Intervention de Constance Le Grip

Séance en hémicycle du jeudi 20 janvier 2022 à 9h00
Condamnation des crimes perpétrés contre les ouïghours — Discussion générale

Photo issue du site de l'Assemblée nationale ou de WikipediaConstance Le Grip :

La proposition de résolution portant sur la reconnaissance et la condamnation du caractère génocidaire des violences politiques systématiques ainsi que des crimes contre l'humanité actuellement perpétrés par la République populaire de Chine à l'égard des Ouïghours est un texte très important et le moment que nous vivons ensemble est un moment attendu. Il est temps pour notre Assemblée nationale de sortir de son silence et de dénoncer solennellement les exactions de toutes sortes, les persécutions et violations graves et systématiques des droits de l'homme, assimilables à des crimes contre l'humanité, commises par les autorités de la République populaire de Chine à l'encontre du peuple ouïghour.

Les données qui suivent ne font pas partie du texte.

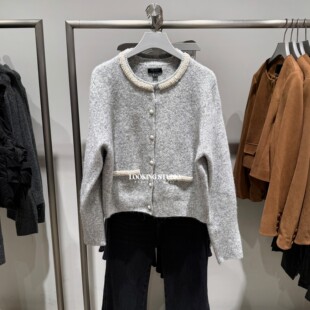 UR&DC2026春季新款法式小香魅力珍珠饰单排扣短款针织开衫女上衣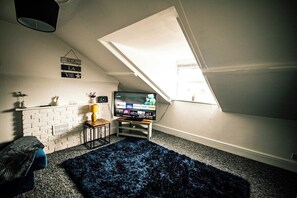 Interior - Cozy Suite Apt By Eason Stays Short Lets Lowestoft (Suffolk)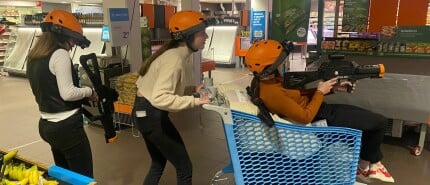 Van winkelkar naar wapen: lasergamen in de supermarkt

Deux textes sont inscrits à l'ordre du jour des travaux de notre assemblée : la proposition de résolution en discussion et celle de Frédérique Dumas, que j'ai cosignée et dont l'examen est prévu pour le 4 février prochain, portant sur la reconnaissance et la condamnation des violences systématiques et planifiées, des crimes contre l'humanité et du risque sérieux de génocide en cours perpétrés par la République populaire de Chine à l'encontre des Ouïghours et appelant à la mise en place d'une enquête internationale indépendante.

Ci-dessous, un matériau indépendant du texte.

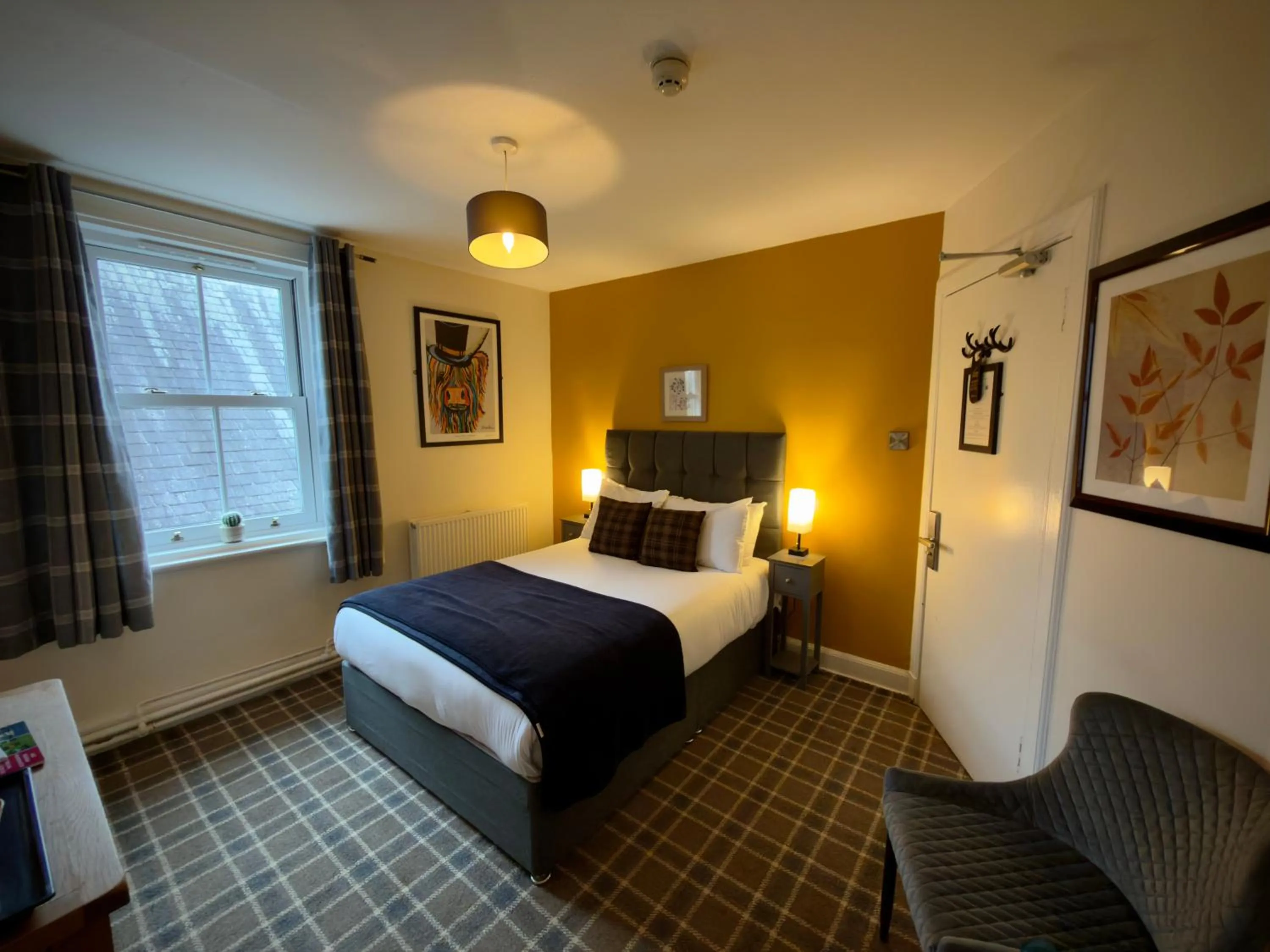 Bedroom, Bed in Killin Hotel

Nous ne pourrons pas dire que nous ne savions pas. Internements de masse de la population ouïghoure dans des camps dits de rééducation, déportations depuis le Xinjiang vers d'autres régions de Chine, arrestations et détentions arbitraires, peine capitale, travail forcé dans des camps d'internement ou dans des usines – on peut parler d'esclavage –, torture, agressions sexuelles et viols systématisés, prélèvements forcés d'organes, transferts forcés et détentions des enfants ouïghours dans des orphelinats publics dès lors que l'un de leurs parents est interné dans un de ces sinistres camps, surveillance de masse, y compris numérique, intrusion policière massive, avec ces séjours à domicile de cadres chinois hommes dans les foyers ouïghours, restrictions draconiennes des pratiques religieuses, destruction du patrimoine culturel, à commencer par les lieux de culte, fin de l'éducation en langue ouïghoure dans une volonté affichée de sinisation forcée des Ouïghours et d'éradication de la culture et de l'identité ouïghoures : voilà ce que subissent depuis plusieurs années les populations ouïghoures, ainsi d'ailleurs que d'autres minorités ethniques, musulmanes et turciques, dans cette région du Xinjiang.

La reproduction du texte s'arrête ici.